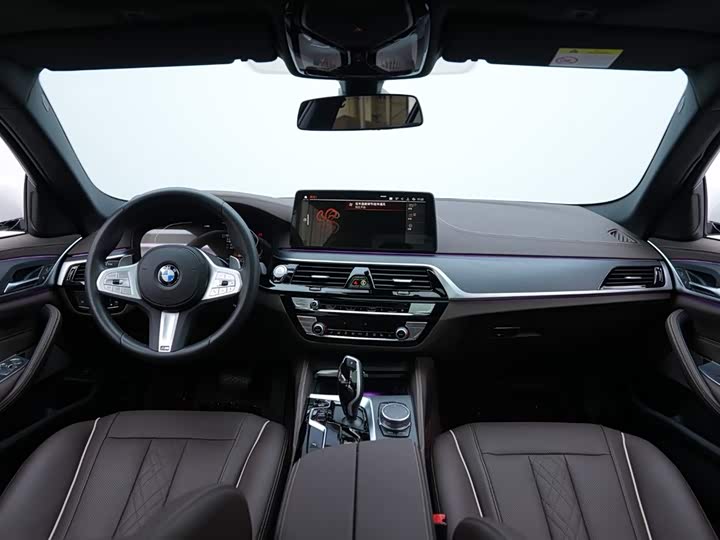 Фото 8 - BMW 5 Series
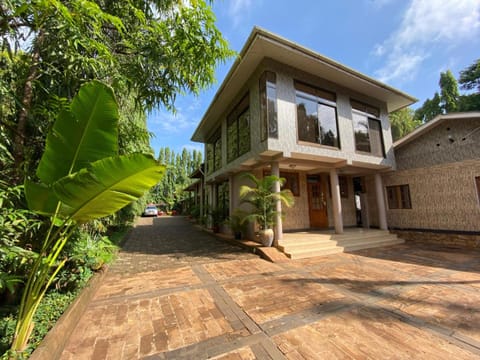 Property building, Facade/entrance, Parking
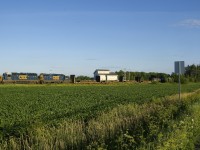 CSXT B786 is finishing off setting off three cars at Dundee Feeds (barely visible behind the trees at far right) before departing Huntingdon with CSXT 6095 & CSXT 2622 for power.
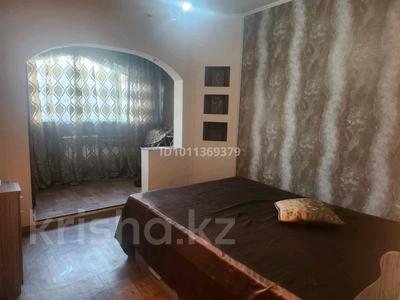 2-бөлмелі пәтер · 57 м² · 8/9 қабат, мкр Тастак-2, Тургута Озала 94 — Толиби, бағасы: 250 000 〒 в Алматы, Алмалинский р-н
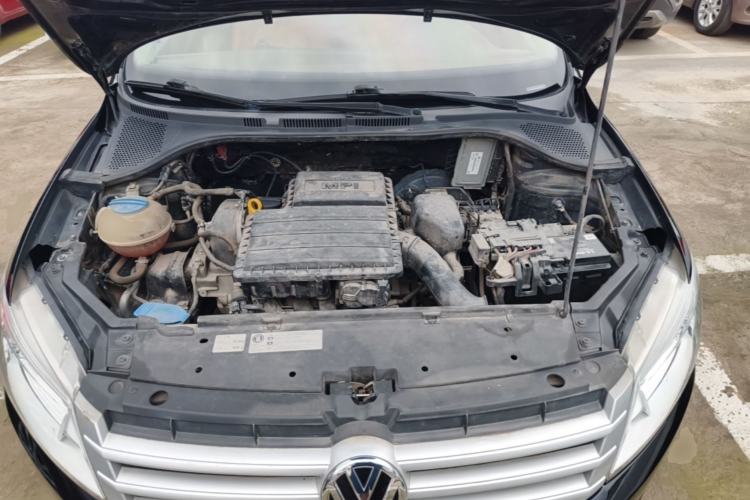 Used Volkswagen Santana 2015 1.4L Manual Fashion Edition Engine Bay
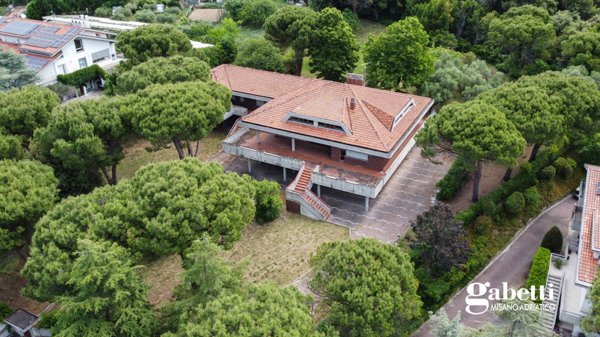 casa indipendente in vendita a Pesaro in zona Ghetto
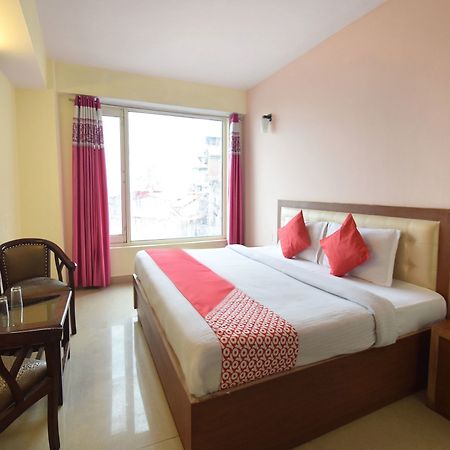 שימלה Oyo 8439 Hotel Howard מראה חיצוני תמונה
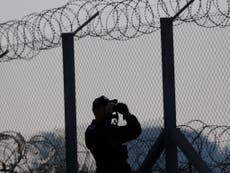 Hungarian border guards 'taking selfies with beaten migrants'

**Problem to solve**
Only an exact copy of the lines from the one with "שימלה Oyo 8439" through the last line of the data above is wanted, and no pictures.

**Exercise output**
 שימלה Oyo 8439 Hotel Howard מראה חיצוני תמונה
 Hungarian border guards 'taking selfies with beaten migrants'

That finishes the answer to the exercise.